Sie nahm meine Hand.
„Also, was soll ich für dich tun?“
Ich blickte sie nachdenklich an.
„Es muss vorher noch einiges geklärt werden, auch dabei brauche ich dich und ohne dich würde es wahrscheinlich nicht gelingen. Es ist alles noch etwas theoretisch, aber ich habe beschlossen, ich muss die Sache angehen. Ich bin nicht das dumme Schäfchen, das geschlachtet wird.“
Ich erklärte ihr genau, was sie für mich tun könnte.
Eine Stunde später donnerte sie auf ihrem Motorrad mit den riesigen Satteltaschen den Berg hinunter.
Nachdenklich blieb ich zurück und erhielt kurze Zeit später einen Anruf von Jan, der mich ziemlich aufmunterte. Er war schon in der Nacht direkt nach unserem Gespräch mit Erfolg tätig geworden.
Ich setzte mich ganz nach vorne direkt neben die weiße Brüstung unter einen Sonnenschirm mit dem Blick hinunter auf die herrliche Kulisse.

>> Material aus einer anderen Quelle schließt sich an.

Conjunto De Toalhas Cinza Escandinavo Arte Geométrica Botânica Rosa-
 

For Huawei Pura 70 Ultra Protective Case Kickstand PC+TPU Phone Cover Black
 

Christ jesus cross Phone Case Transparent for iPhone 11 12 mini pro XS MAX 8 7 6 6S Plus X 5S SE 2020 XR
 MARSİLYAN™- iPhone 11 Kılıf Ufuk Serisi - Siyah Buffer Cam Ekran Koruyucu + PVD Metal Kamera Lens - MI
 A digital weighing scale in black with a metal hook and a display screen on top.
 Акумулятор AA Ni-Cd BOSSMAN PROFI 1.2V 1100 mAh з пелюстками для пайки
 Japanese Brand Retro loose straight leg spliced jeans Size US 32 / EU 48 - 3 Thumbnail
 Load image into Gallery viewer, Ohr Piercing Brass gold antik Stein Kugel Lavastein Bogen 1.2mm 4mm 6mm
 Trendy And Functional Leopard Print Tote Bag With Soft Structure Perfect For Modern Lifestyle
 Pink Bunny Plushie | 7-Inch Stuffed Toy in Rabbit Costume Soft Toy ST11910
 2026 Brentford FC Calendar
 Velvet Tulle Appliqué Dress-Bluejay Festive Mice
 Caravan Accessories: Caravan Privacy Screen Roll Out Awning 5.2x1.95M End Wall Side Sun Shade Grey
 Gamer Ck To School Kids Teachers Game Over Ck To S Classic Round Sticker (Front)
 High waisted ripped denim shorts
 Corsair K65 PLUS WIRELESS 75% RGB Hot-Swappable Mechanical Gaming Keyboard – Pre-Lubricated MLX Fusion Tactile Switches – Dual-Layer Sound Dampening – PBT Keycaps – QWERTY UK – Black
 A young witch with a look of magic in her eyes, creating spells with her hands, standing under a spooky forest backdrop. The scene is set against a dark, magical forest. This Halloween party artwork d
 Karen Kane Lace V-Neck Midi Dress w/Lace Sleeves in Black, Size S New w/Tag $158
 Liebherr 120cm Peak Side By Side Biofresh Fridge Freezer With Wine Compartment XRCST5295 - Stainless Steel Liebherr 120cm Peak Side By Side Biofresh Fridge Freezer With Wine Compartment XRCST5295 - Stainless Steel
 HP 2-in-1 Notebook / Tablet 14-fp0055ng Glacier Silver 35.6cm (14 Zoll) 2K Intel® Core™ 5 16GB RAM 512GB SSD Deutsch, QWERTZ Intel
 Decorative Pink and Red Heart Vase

Nachdem ich mir nach einer kleinen Besinnungspause meine juristische Tasche geholt hatte, nahm ich ein Aktenbündel mit diesen prägnanten roten Einbänden, die den strafrechtlichen Inhalt anzeigen, heraus. Ich öffnete seufzend das erste Heft und löste etwas die Aktenschnur. Gegenüber meiner sehr sachlichen Büroatmosphäre im Landgericht Karlsruhe eine eigentlich eher schon unwirkliche Situation in dieser romantischen Umgebung.
Und als fast irreale Steigerung dazu noch die sogenannte „Badische Aktenordnung“. Ein unglaubliches Überbleibsel aus dem 18. Jahrhundert in der Justiz. Das Zusammenhalten der Seiten mit einem kleinen Schnürchen links oben, das durch zwei winzige Löcher in allen Blättern samt den Aktendeckeln durchgefädelt und dahinter mit dem „Badischen Aktenknoten“ zuverlässig zusammengebunden wird.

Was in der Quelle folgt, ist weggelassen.